Beh, tennisticamente parlando (quanto alla cultura basta Kafka e ci siamo capiti) se si parla di cechi, giù il cappello, bastano i nomi: Ivan Lendl, la Navratilova e attualmente Berdych (eppoi ci sarebbe pure quel baloss di Stepanek, buon tennista ma anche valido ‘tombeur de femmes’). E proprio per una Finale di Coppa Davis, 1980, in cui il sullodato Lendl diede la paga ai nostri Azzurri (Panatta e Barazzutti) finii a rivedere Praga (già visitata in precedenza, giovane tour leader di Viaggi&Turismo). E la rivisitai tanto attentamente da poter garantire che (compresa la magnifica birra davvero tra le primissime al mondo) la capitale ceca costituisce quello che gli Yankees chiamano un “must”, un obbligo, visitarla (sempre che un essere viaggi per cultura e non per prendere il sole e poi saltellare in un night di Briatore). Andarci, davvero, a Praga, e in caso di dubbio, citofonare: Huss, Golem e il già citato Kafka. Dalla capitale ceca si torna più intelligenti. Il che, non guasta mai.
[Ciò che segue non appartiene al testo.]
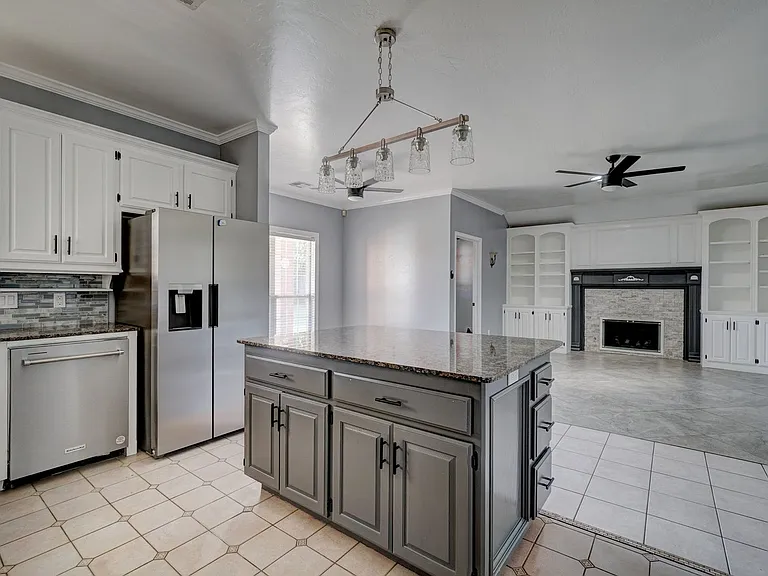 1209 SW 113th St — Photo 16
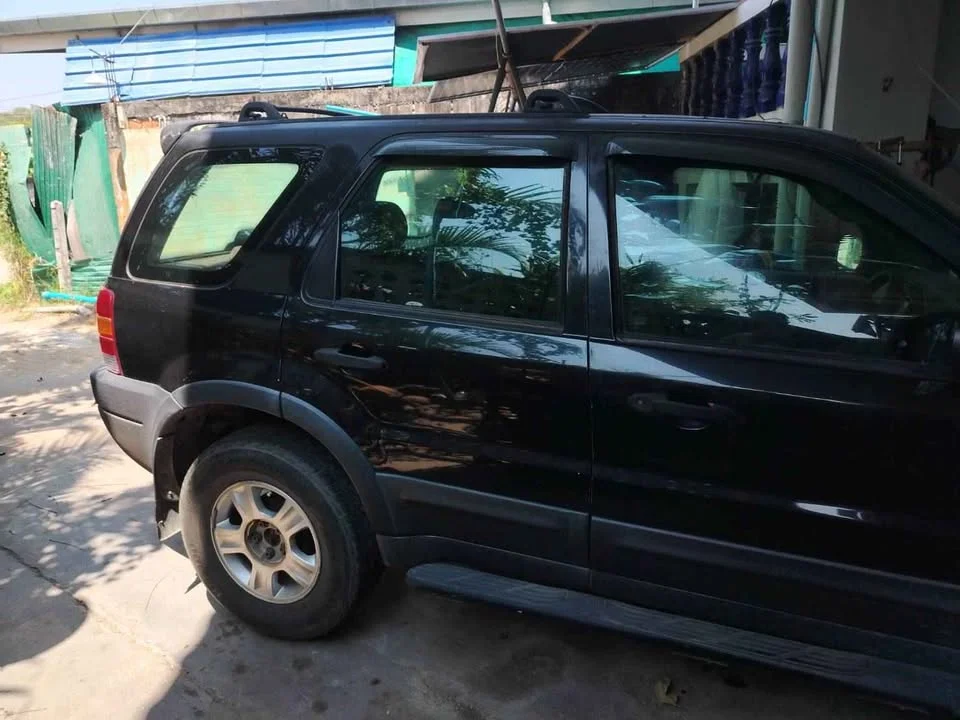 2004 Ford Escape I 2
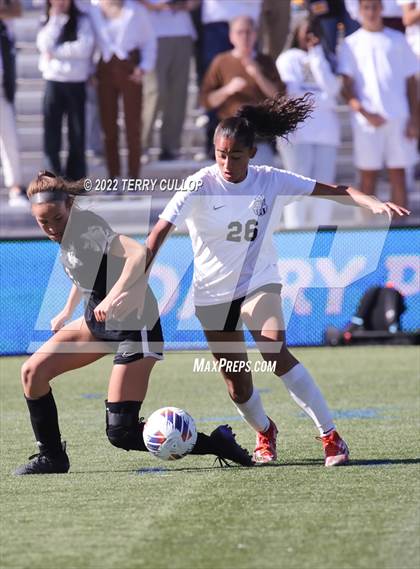 Thumbnail 2 in Farmington vs. Davis (UHSAA 6A Final) photogallery.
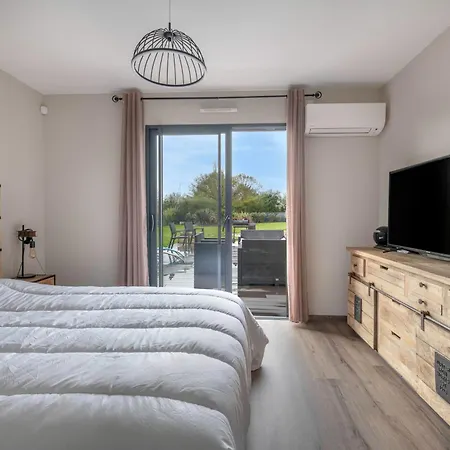 بيت للعطل Maison Familiale Avec Jacuzzi A *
Grecia: viaggiare a Salonicco in un albergo di Milano
In un mio recente scritto ho raccontato un “viaggio a Salonicco” compiuto “stando fermo” in un albergo di Milano (se non che ho visto poco, datosi che da un po’ di tempo in queste presentazioni non fanno più vedere nemmeno le diapositive, ormai così demodé, e meno male che a Salonicco c’ero già stato e vi avevo pure fatto tante belle foto). E nell’articolo avevo pure lamentato che al momento de ‘lu magnare’ (detto anche catering) della cucina dell’antica Tessalonica si degustò solo un isolato Tzartziki. Eccomi allora a porre rimedio, vabbè solo a livello informativo e con tante scuse al palato del lettore, segnalando che nella libretta “Thessaloniki, food stories”, omaggiata durante il suddetto happening nell’hotel milanese, sono citate le seguenti leccornie: “Koulouri Thessaloniki”, pane col sesamo; “Trahanas” (minestra abbastanza densa) con Feta (il noto cacio) e pane tostato; “Bougatsa” (dolce a sfoglie) con Custard (che sarebbe poi la crema pasticcera); “Loukoumades” (alias Lukum, e almeno questi saranno noti a qualche nostrano turista; “Potato Prioshki”, patate ripiene (arrivano dal Ponto, e mi paiono davvero sfiziose); “Dolmadakia Yalantzi” (fogli di vite ripiene, altrettanto note, si spera, come i Lukum);
“Manti” (fagottini di carne, prevalentemente di agnello, portati dei greci cacciati dalla Turchia all’inizio del secolo scorso); “Patsas” (zuppa) con aglio (la mia passione, ndr) e aceto; “Lahonodolmades Avgolemono” (ci sarà pur un abbreviativo nei menu dei ristoranti di Salonicco), foglie di cavolo ripiene, carne di manzo o maiale, con salsa di uovo e limone; “Midopilafo”, cozze pilaf con riso; “Haminados”, uova sode condite; “Trigona Panoramatos”, pasta sfoglia con crema pasticcera (la solita Custard) … dopodiché al cortese lettore non resta che partire per il nord della Grecia (perché, ebbene lo ammetto, per i neoamici di Salonicco non sarebbe stato tanto facile ammannire tutte le suesposte piacevolezze gastronomiche in un albergo di Milano …).